Un seul des deux variants de l'herpèsvirus humain 6 a développé un mécanisme pour enrayer le système de défense des cellules humaines qui s'articule autour de l'interféron de type 1.
— Bernard Kramarsky
Découvert en 1986, le HHV-6 se subdivise en deux catégories. Le variant B, présent chez pratiquement tous les adultes, cause la roséole. De plus, chez les personnes qui prennent des immunosuppresseurs, il ouvrirait la porte aux encéphalites, aux pneumonies et aux rejets d'organes greffés. Le cas du variant A est moins net. Présent chez environ 30 % des personnes, il n'est associé à aucune maladie en particulier, mais certaines études portent à croire qu'il pourrait être en lien avec divers troubles neurologiques.
Il n'existe pas de médicaments luttant spécifiquement contre les infections causées par le HHV-6. Les interférons, ces protéines produites naturellement par les cellules du corps humain pour se protéger contre les micro-organismes et les cellules cancéreuses, comptent parmi les options thérapeutiques envisagées. Toutefois, les essais cliniques menés jusqu'à présent ont conduit à des résultats peu concluants, entre autres chez les patients atteints de sclérose en plaques, une maladie neurodégénérative à laquelle le HHV-6 pourrait être associé.
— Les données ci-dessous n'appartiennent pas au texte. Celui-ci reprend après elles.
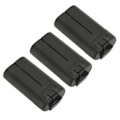 Miniatyrbild 2 av 5: 3 st För DJI för Mavic Mini Intelligenta Flygbatterier 2500mAh 30 Minuters Flygtid Ersättningsbatteri Drone Tillbehör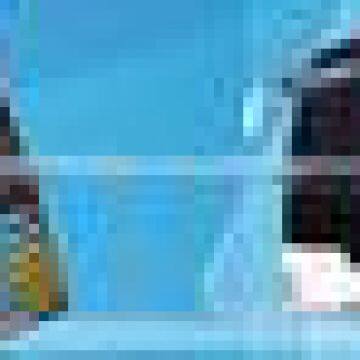 Bus Ticketing Application Machine
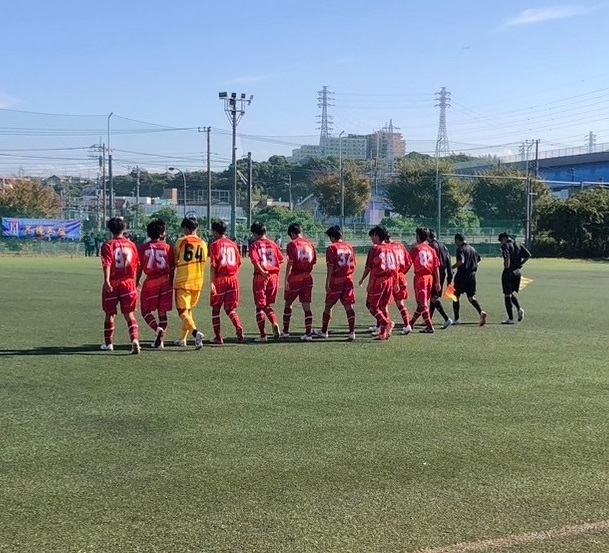 soccerR0604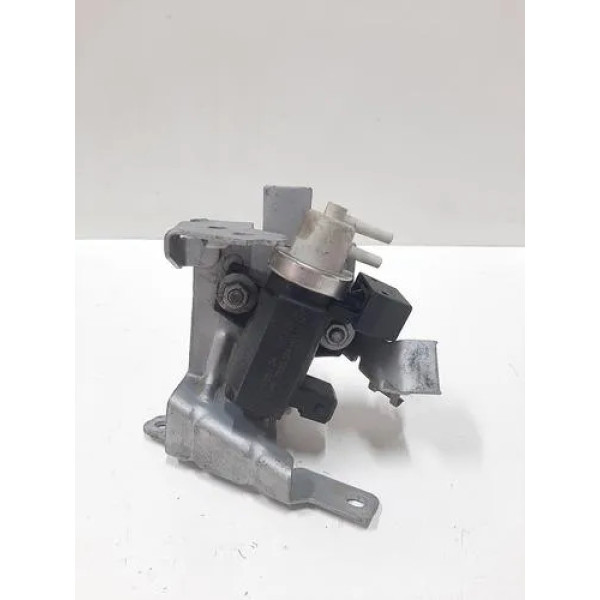 Sensor Valvula Solenoide Da Turbina Bmw X5 4.4 Bi V8 2011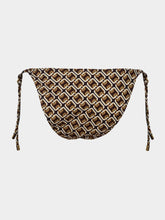 Zimmermann Separates Mini Tri Pant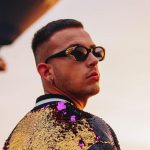 vegas jones due spicci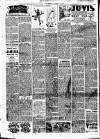 Bedford Record Tuesday 29 January 1907 Page 4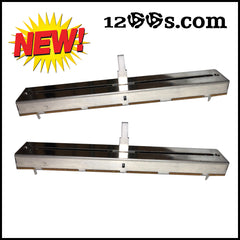 Pair (2) of MK2 Replacement Pitch Control Slider / Variable Resistor "SFDZ122N11-2"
Les expériences menées par l'équipe du professeur Flamand ont mis le doigt sur ce qui pourrait bien expliquer les résultats divergents obtenus lors des essais cliniques. Des tests menés in vitro révèlent que l'interféron de type 1 est efficace contre le variant A, mais pas contre le B. La cause? L'une des premières protéines produites par le virus après son entrée dans une cellule humaine est la protéine Précoce Immédiate 1. «Elle est synthétisée dans les deux heures qui suivent le début de l'infection», précise Louis Flamand. Chez le variant B, cette protéine empêche l'interféron d'enclencher l'expression de gènes associés aux mécanismes de défense de la cellule; la protéine produite par le variant A n'y parvient pas.
Les chercheurs ont découvert que, chez le variant B, cette protéine contient une section de 41 acides aminés qui est absente chez l'autre forme du virus. Lorsque cette région de la protéine est transférée au variant A, ce dernier devient à son tour capable d'annihiler le mécanisme de défense de la cellule mis en branle par l'interféron. «Le variant B semble avoir trouvé une façon d'empêcher la cellule hôte de se défendre contre l'infection, ce qui expliquerait peut-être son omniprésence dans la population, avance le professeur Flamand. Ceci constitue un autre exemple de la diversité des moyens déployés par les virus pour déjouer les mécanismes de défense du corps humain.»